As a child, Santa did not just bring gifts, he brought everything! When I was coerced into going to bed on Christmas Eve, there was a bare tree that had been brought from the tree lot and into the house to thaw. When I woke in the morning, the tree was trimmed and lit, there was a mountain of gifts underneath, and the Christmas turkey was already being basted by Mom in the kitchen! The North Pole had come to our house in a matter of hours.

We were poor. I don’t mean destitute nor merely hard up. There was always food on the table and clothes to wear to school, but there were very few extras except at Christmas. Some examples of making things last and serve us well are the coats we had. For a couple winters, Mom, Dot, and Betty shared a coat. Dot was working so she was the wearer of the coat during the day. Mom used old jackets of Dad’s to go to the store, hang clothes, or clear walks. Betty was just coming into the age of young lady so she wore the coat for special occasions when she was invited somewhere. I had a snow suit made from an old winter coat of my father’s. Mom sewed that snowsuit and it was well made, insulated well, and warm. It was also too heavy for a four or five year old child. She would bundle me in long pants, warm sweater, and heavy socks. Then she would put on the snowsuit, add cap, mittens, and boots. The last thing to go on was a scarf that wound round my neck and covered mouth and nose. There I stood. If I began a rocking motion, I could perambulate upright to and through the door. Once outside, I would stand in the cold looking cross-eyed at the frost crystals forming on the scarf. Mom would open the door and order me to play so I wouldn’t get cold. She never knew I couldn’t play if I couldn’t move. If I fell over, I had to lie in the snow waiting for someone to stand me upright again. Once I grew strong enough to manage the snowsuit, it was becoming too small for me. Being stuck in a too-small snowsuit with a too-large sweater inside would cause such a strong sensation of claustrophobia I would erupt into a tantrum to end all tantrums. To this day, I am careful about the size of the sweater I try to put into a jacket or coat as that sensation once again trips triggers in my brain that are not pleasant to witness.

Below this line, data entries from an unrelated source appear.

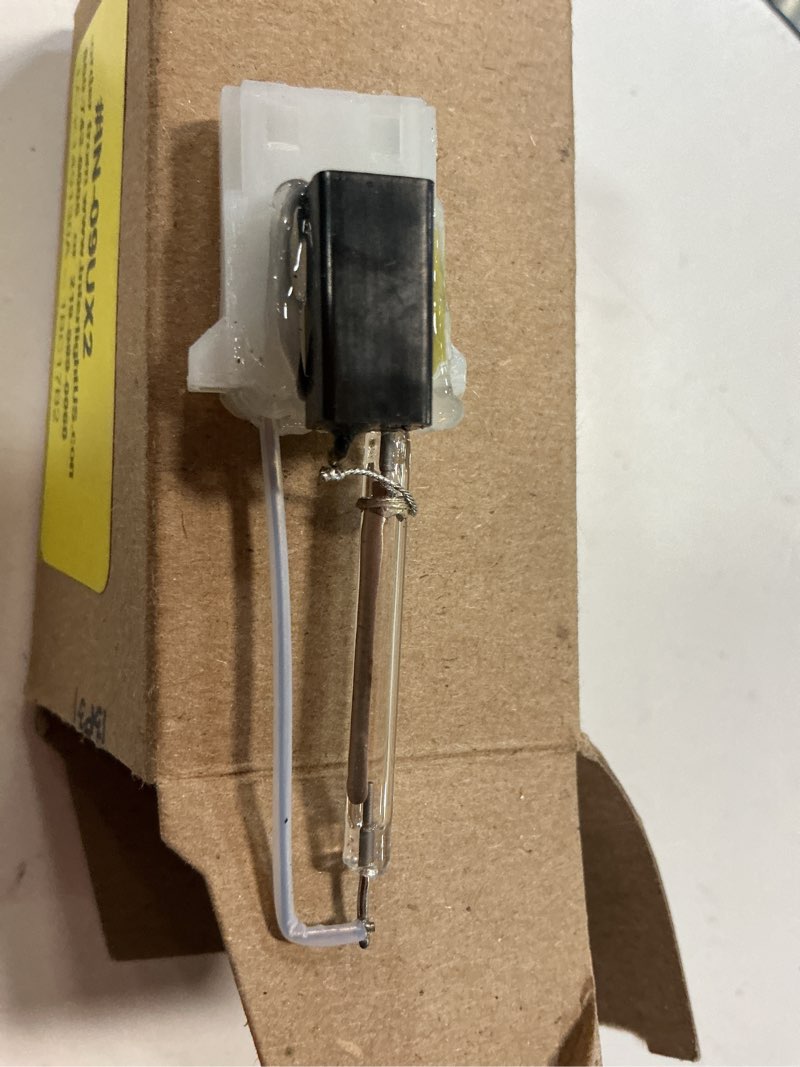 Condition photo showing Good Condition for technical precision 120v rodent repellent for evictor strobe light 10k | attic · pest control · car engines · squirrel, raccoon, and rat deterrent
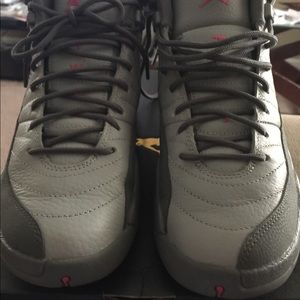 JORDAN WOLF GREY VIVID 12’s.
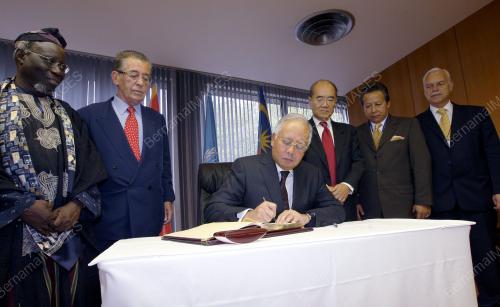 NAJIB TUN RAZAK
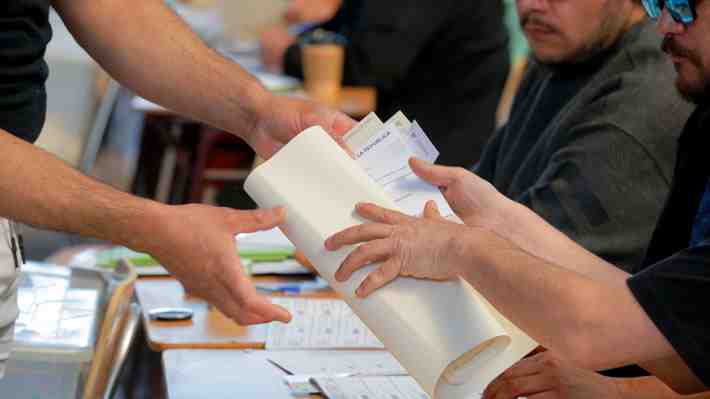 Repasa cómo se vivió el proceso de conteo de votos y discursos de ganadores y perdedores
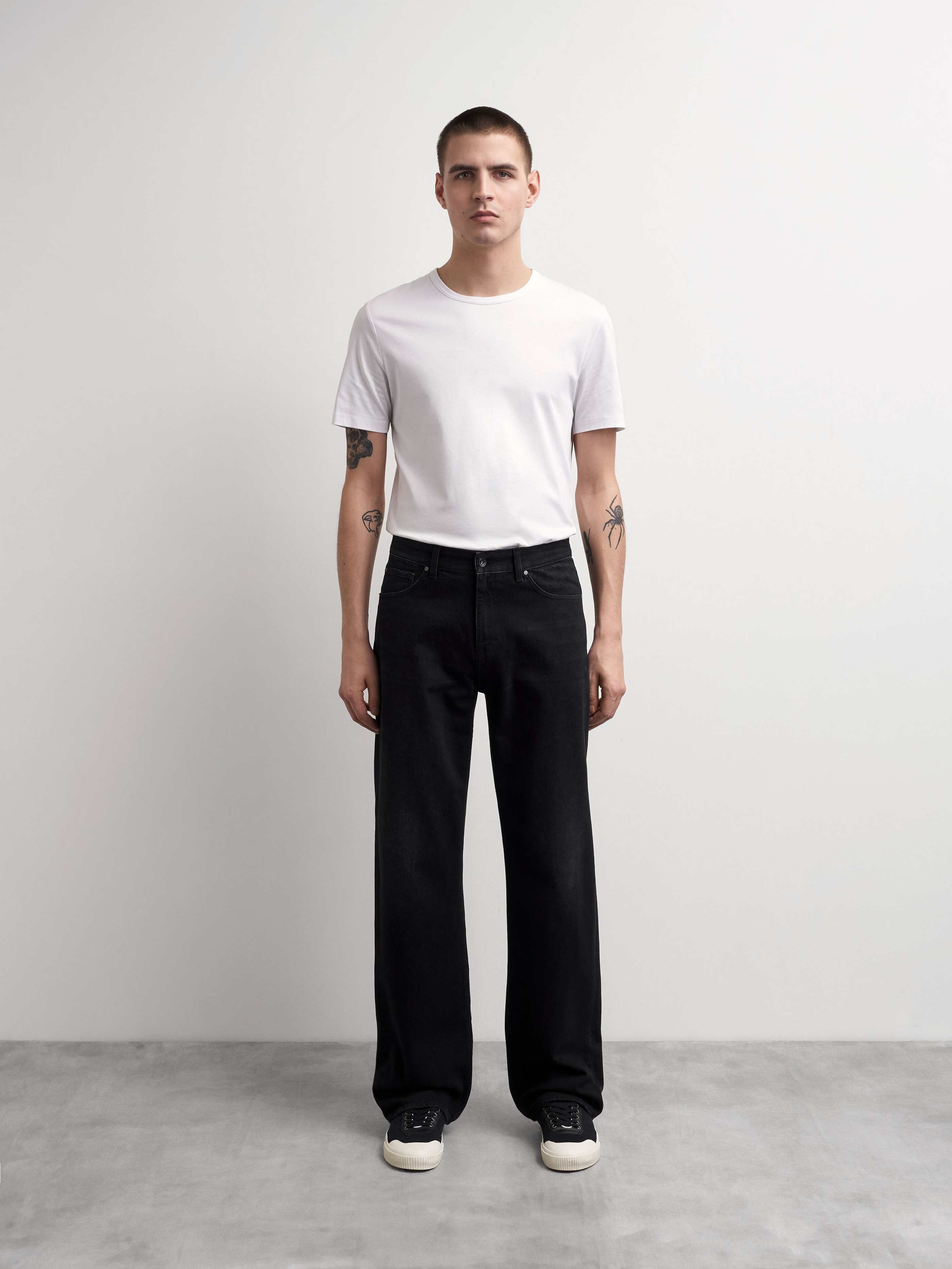 Shop jeans online at Tiger of Sweden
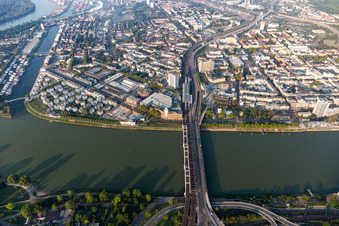 Aerial view of Residential area of the multi-family house settlement on Rheinpromenade - Rheinallee in Ludwigshafen am Rhein in the state Rhineland-Palatinate, Germany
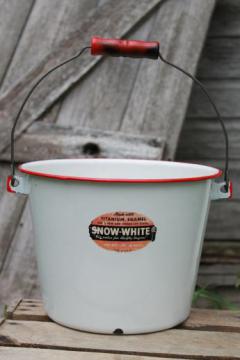 catalog photo of vintage Snow White enamel ware pail with label, farm kitchen / garden bucket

Being poor and seeing the mountain of gifts, kept me positive there was a Santa for more years than most of my friends. There were seven of us and my Auntie Evalyn at Christmas. So seven people were giving gifts to ME! I was the youngest with Pat next at eight years my senior. Most of the Christmas money was directed our way. Also, a lot of the gifts were hand-made. Mom, Dot, and Evalyn knit, crocheted, and sewed. Bargains were looked for at the stores. I suspect in some cases things were purchased during the year and saved for Christmas. Every Christmas I received three predictable things: a new nightgown made by mom in colorful flannel, a book, and slippers carefully knit or sewn. I continued that tradition with our kids and with our grandkids. As I grew, and learned the gifts were not so easy to come by, there were those Christmases where special gifts were asked for and received: my bride doll, skates, special books: The Wind in the Willows. I remember most that we all were pleased with our gifts and we all said thank you. I remember, too, that the gifts were cherished as “special” long after the gift opening was over.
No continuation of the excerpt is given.